All of this is threatening what has been the lone bright spot of the economic recovery to date: The growth of the U.S. energy industry thanks to the rise of fracking technology and the opening of production in shale plays.

Related: Why America’s Energy Renaissance Has a Long Life

A major portion of job gains since late 2007 have been concentrated in shale-oriented states such as North Dakota and Texas. The increase in domestic oil and natural gas production has helped narrow the U.S. trade deficit by about a third since 2006. Debt issuance to fund investment in the exploration and production of new shale wells has increased the overall U.S. bond market's allocation to the energy sector. And, as I discussed in a recent column, the collapse of energy prices has been the primary cause of the recent turbulence in financial markets.

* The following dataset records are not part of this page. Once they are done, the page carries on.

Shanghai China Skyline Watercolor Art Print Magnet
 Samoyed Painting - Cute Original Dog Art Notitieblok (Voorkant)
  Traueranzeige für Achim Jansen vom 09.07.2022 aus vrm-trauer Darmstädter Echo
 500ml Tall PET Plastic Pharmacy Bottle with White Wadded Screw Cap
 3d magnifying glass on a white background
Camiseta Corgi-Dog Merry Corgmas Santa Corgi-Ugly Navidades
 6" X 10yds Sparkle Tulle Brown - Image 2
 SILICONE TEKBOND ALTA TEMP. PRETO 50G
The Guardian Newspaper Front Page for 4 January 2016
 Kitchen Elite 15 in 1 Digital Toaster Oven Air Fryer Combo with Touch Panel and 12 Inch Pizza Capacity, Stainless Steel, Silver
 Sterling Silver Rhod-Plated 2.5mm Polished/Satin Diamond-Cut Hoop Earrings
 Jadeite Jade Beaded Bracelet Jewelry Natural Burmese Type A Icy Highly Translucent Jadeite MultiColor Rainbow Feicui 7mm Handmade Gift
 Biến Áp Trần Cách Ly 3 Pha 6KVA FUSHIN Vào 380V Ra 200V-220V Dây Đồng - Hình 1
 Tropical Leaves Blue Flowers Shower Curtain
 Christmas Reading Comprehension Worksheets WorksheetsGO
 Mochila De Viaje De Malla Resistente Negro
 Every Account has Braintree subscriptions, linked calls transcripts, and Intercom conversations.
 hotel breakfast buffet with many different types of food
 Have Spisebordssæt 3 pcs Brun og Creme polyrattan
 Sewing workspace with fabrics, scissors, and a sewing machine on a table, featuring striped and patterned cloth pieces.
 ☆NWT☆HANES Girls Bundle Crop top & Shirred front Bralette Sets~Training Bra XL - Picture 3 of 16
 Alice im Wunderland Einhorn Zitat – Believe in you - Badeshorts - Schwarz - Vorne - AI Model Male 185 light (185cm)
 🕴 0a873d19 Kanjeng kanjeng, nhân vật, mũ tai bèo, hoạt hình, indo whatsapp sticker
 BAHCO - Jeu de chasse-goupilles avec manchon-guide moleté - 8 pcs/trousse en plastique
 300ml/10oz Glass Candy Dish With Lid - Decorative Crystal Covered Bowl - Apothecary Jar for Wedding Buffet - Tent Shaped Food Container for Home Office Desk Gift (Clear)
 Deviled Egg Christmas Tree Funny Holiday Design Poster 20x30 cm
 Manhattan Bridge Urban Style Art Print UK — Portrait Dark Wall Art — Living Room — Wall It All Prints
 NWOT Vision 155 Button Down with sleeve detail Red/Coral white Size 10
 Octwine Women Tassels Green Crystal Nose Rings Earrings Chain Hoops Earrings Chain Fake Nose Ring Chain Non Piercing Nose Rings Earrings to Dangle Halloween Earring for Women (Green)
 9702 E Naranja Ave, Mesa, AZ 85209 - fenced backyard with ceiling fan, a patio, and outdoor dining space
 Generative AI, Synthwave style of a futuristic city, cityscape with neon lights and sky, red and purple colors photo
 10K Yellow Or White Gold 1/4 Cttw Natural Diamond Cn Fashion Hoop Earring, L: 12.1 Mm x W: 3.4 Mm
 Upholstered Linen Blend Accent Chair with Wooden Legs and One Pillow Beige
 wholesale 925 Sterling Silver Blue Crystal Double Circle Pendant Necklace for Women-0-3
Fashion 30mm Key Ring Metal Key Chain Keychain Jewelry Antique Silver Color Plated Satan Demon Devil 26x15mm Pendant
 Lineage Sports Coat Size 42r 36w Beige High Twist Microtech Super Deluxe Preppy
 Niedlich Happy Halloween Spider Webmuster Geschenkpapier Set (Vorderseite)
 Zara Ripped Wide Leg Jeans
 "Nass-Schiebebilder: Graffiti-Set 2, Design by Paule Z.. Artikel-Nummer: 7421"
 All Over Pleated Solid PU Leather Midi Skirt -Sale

As things stand now, energy prices are poised for additional weakness. 

OPEC officials just confirmed that they're in no hurry to cut production — with no emergency meeting planned until the first quarter of 2015. On the demand side, we need to see a rebound in Asia and Europe. But both of these things are outside our control.

How bad could it get? Morgan Stanley warned its clients that Brent crude, which is now joust above $61 a barrel, could fall as low as $43 in the first quarter of 2015. On Sunday, United Arab Emirate Energy Minister Suhail Al-Mazrouei said OPEC would stick to its guns "even if oil prices fall as low as $40 a barrel" and would wait at least three months before considering an emergency meeting.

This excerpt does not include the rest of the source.